Поэт молчалив и погружен в себя, он вызывает в свой адрес мощнейшую агрессию. Как и любые напоминания о жизни духовной, давно забытые смыслы, пробиваясь на свет безбожный, вызывают у окружающих безотчетную ярость или в лучшем случае непонятную грусть. Постаревшая хозяйка питейного заведения вспоминает, как раньше угощала выпивкой нищих солдатиков за поцелуй. Теперь каждый может заплатить за себя, убытков заведению ноль, никто не выходит за рамки приличий: заказал кружку пива - и сиди себе наедине с собственными мыслями. Однако радости от такой законопослушности никакой.
Один из двух незадачливых бизнесменов помногу раз слушает лирическую песню тридцатых, она пробуждает в этом бесенке какие-то давно забытые чувства, которые быстро трансформируются в состояние беспокойства, так как бередят что-то неясное внутри. Ему нравится романтическая мелодия, но когда речь заходит о том, что две любящие души соединятся на небесах, он не выдерживает. И наконец-то формулирует, в чем дело - он не хочет в рай. Песня навеяла падшему духу светлое воспоминание о тех, кто его породил, о самом Творце. И есть в подобной ностальгии что-то настолько невыносимое для почти любого современного человека, что каждый гонит подобные мысли прочь.
Прошлое и настоящее, правда и вымысел причудливо сплетаются воедино. Настоящее меняет прошлое. Шведская история как память о некогда мощной империи, владычице морей перестает быть универсальной "моделью для сборки" граждан этой страны. В современном баре внезапно появляется Карл XII в сопровождении своей свиты. За окном маршируют бесконечные шеренги доблестных воинов, готовые отправиться вслед за своим предводителем в русский поход. Монарх обращается к юному бармену, говоря о том, что он непременно должен присоединиться к войску. Но столь лестное во все времена предложение самого главнокомандующего встречает лишь испуг и непонимание у молодого человека. И вот, по прошествии некоторого времени, Карл XII в полубесчувственном состоянии возвращается в сопровождении горстки покалеченных после Полтавской битвы солдат. Народ безмолвствует. Самое трагическое событие истории Швеции, гноящейся занозой засевшее в шведском общественном сознании и, как ни парадоксально, до сих пор осложняющее внешнеполитические отношения с Россией, этот столп многовековой национальной идеологии рушится на глазах: невольные очевидцы из будущего демонстрируют полное равнодушие к истории своей страны. И только цитата из стихотворения Бертольда Брехта "Что получила солдата жена?" вызывает судорожный, но запоздалый вопль отчаяния, который не может ничего изменить. Моментально возникают параллели с текущими событиями, вот только способны ли прочесть недвусмысленное послание режиссера на его родине?

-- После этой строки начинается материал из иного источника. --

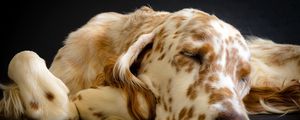 Preview wallpaper dog, muzzle, sleep, spotted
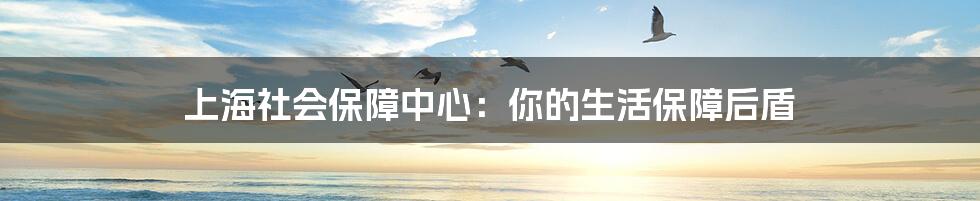 上海社会保障中心:你的生活保障后盾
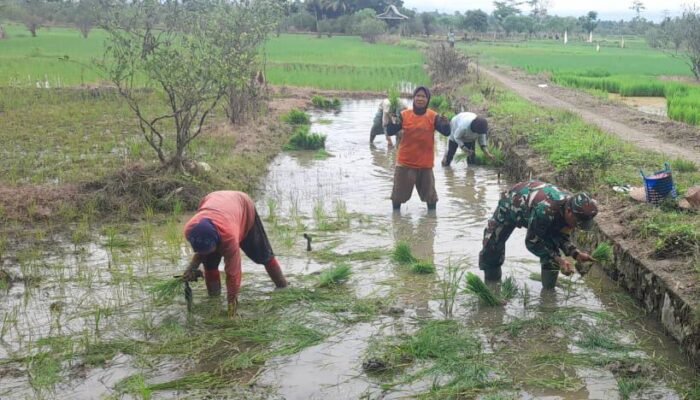 Babinsa Koramil 1002-05/Pandawan Serda Agung Prayogo Bantu Warga Tanam Padi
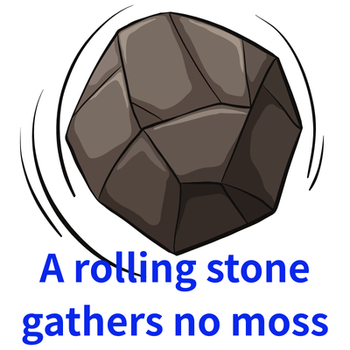 Stone Proverbs No.1 : A Rolling Stone Gathers No Moss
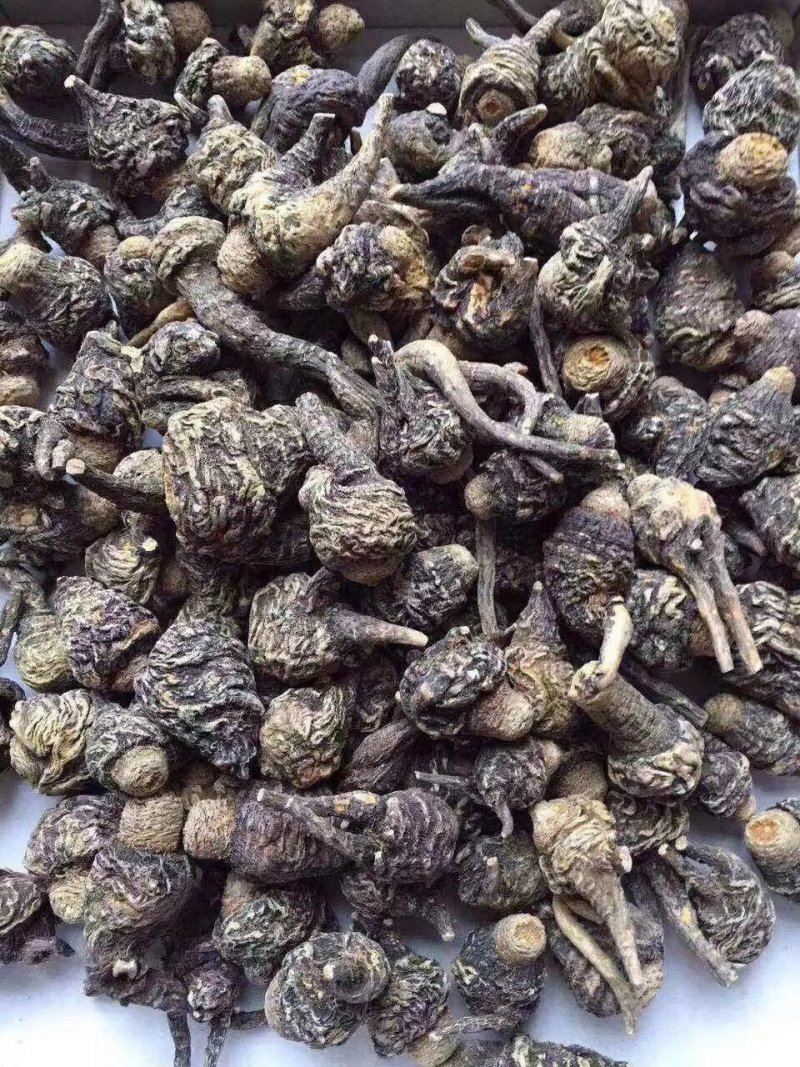新疆塔什库尔干黑玛卡2斤起包邮发货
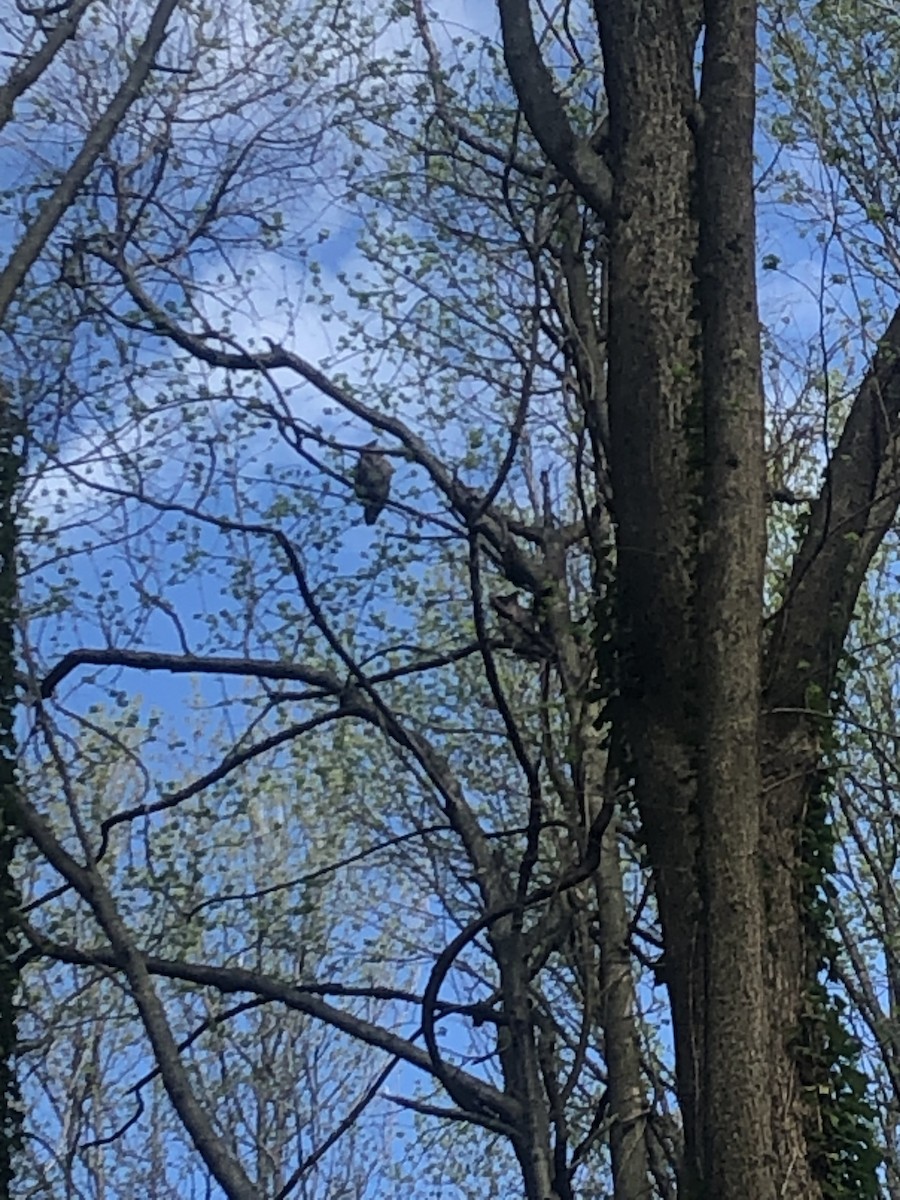 Great Horned Owl - ML559604111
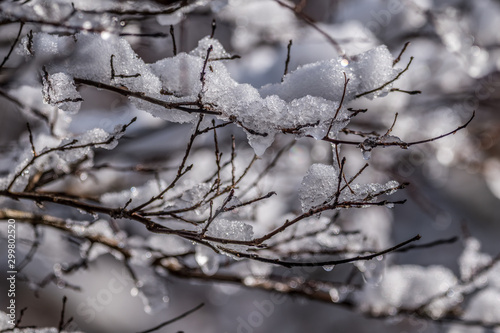 Snow and ice on tree branches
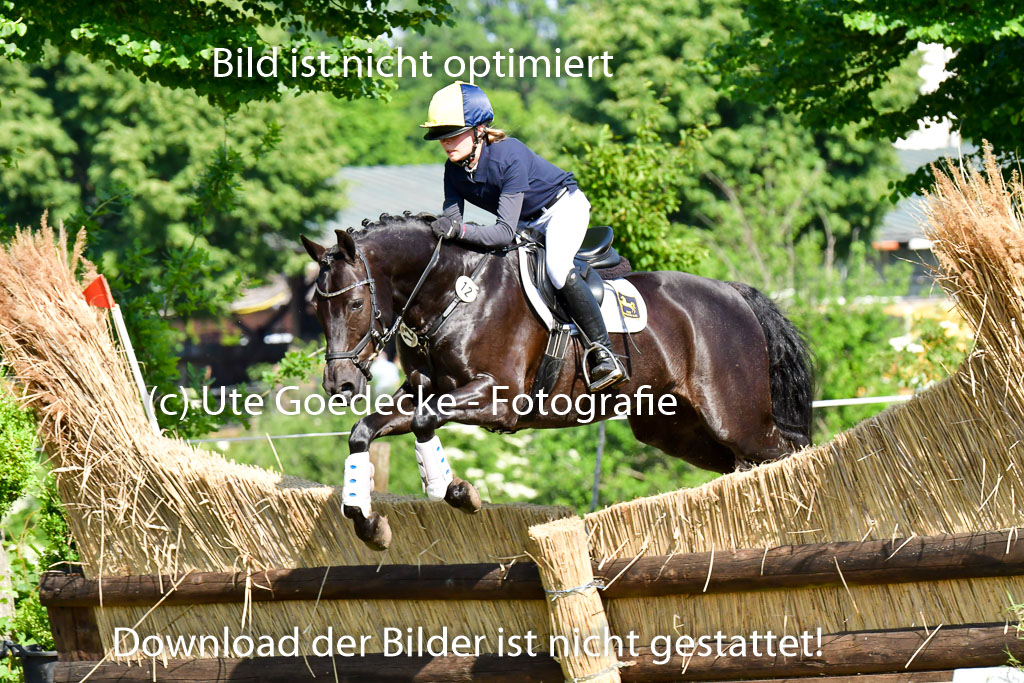 Goldene Schärpe Ponys in Löningen  4+5.6.22 | 04062022 - Gelände  2 Abt _834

Перед нами - Левиафан, дьявольская сущность которого прикрыта внешней упорядоченностью и опрятностью, эстетически радующей глаз. Мы становимся свидетелями чудовищной фантасмагории - человеческого жертвоприношения времен колониализма, на которое благостно взирают с балкона пороки "ветхого человека" в дряхлом человеческом обличье. И даже швейцар, по совместительству все тот же коммивояжер, последний по значимости в этой иерархии абсолютного зла, от которого, в общем-то, мало что зависит, не может избавиться от гнетущего чувства, вызванного очередным преступным соучастием. Подмахивая сделку с одним из слуг князя мира сего, он, наверное, самонадеянно думал о том, что роль его невелика, носит технический характер. Он содрогается от ужаса, словно подопытная мартышка, которая корчится под разрядами тока, посылаемыми бесстрастным экспериментатором. И вот падший человек уж сам предвкушает очередной - возможно, смертельный - эксперимент, пробуждающий в нем физиологическое возбуждение, так как все остальное в нем давно мертво.
Великий знаток душ человеческих изрек: "В Содоме ли красота? Верь, что в Содоме-то она и сидит для огромного большинства людей, - знал ты эту тайну иль нет? Ужасно то, что красота есть не только страшная, но и таинственная вещь. Тут дьявол с Богом борется, а поле битвы - сердца людей".
А голубь, он просто сидит на ветке, размышляя о бытии…
Кадры из фильма "Голубь сидел на ветке, размышляя о жизни"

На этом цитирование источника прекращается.